I am wondering a great deal about what makes us Jewish. What is it that calls us to our Jewish lives? There are many answers, I am sure. One that speaks to me is being responsive to each other. Our prayer for peace adds on the words, grant peace to us, to all Israel and to all humanity.
As Edmund Flegg reminded us:
I am a Jew because in all places where there are tears and suffering the Jew weeps. I am a Jew because in every age when the cry of despair is heard the Jew hopes.
Bearing witness is what we do. We do it here in our congregation to each other, we do it beyond and as a very Jewish obligation, we take it seriously. We have raised our children and all those grown in LJY Netzer to feel deeply the suffering of others. We are compelled to look and see within our families and beyond. Isaac’s wife Rebekah is troubled and says Kazti bchayei – my life is bitter. (Genesis 27:46) That is what has characterised these last five weeks for everyone and none more so than those there – watching and standing as we grieve in the Jewish community and alongside all who are suffering. Being broken hearted by what we see and, frankly cannot un-see, is the right response. That’s why the image of Isaac in this week’s portion is moving when he loses his ability to see:
It came to pass when Isaac was old, and his eyes were too dim to see, that he called Esau his elder son, and he said to him, “My son?” and Esau said to him, “Here I am.”

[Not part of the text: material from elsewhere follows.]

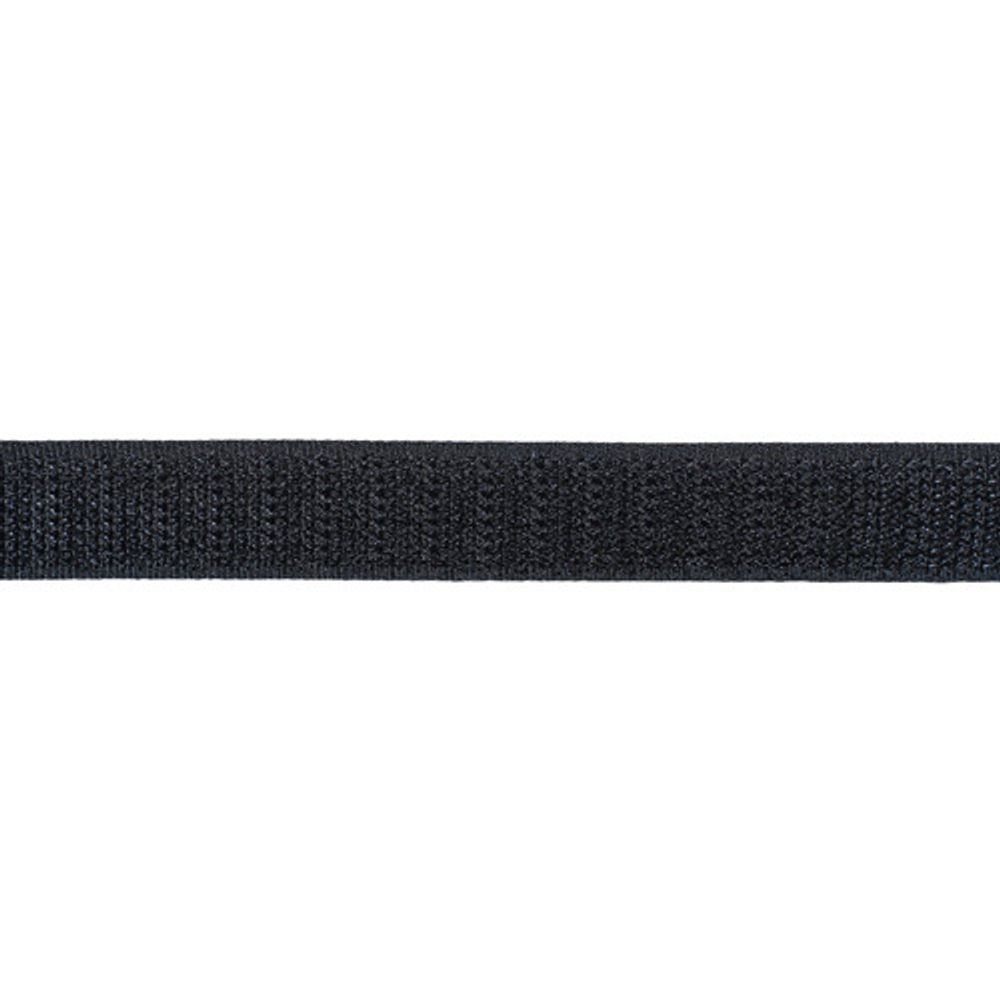 Лента контактная липучка (велкро) пришивная 15 мм / 25 метров, S090767 черный, /крючок/, кач.&quot;A&quot;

I read this week that activist writers around Israel have volunteered to write eulogies for the almost ninety dead on Kibbutz Be’eri, a task that usually falls to fellow residents but now is way too much for the grieving survivors. This act of bearing witness, capturing the legacy of each person and their lives, is intensely moving. All that bearing witness to each precious life. On Tuesday, I read that the family of peace activist, Vivian Silver, was informed she had been murdered on 7th October, not taken captive. It took this many days to discover. Her own words, offered in 2018, have become her eulogy and her legacy:
‘I have basically lived and breathed the [Peace] movement day and night. Living on the border of the Gaza Strip is a compelling factor for me. I am driven by the intense desire for security and a life of mutual respect and freedom for both our peoples.
I cannot begin to imagine the enormous pain of grief for those able to mourn and those who simply can’t. Our role continues to be to bear witness to as much as we can. It is the least and sometimes the most we can do right now. It calls on our Jewishness and our humanity and, I hope, may offer both strength and consolation as we bear witness.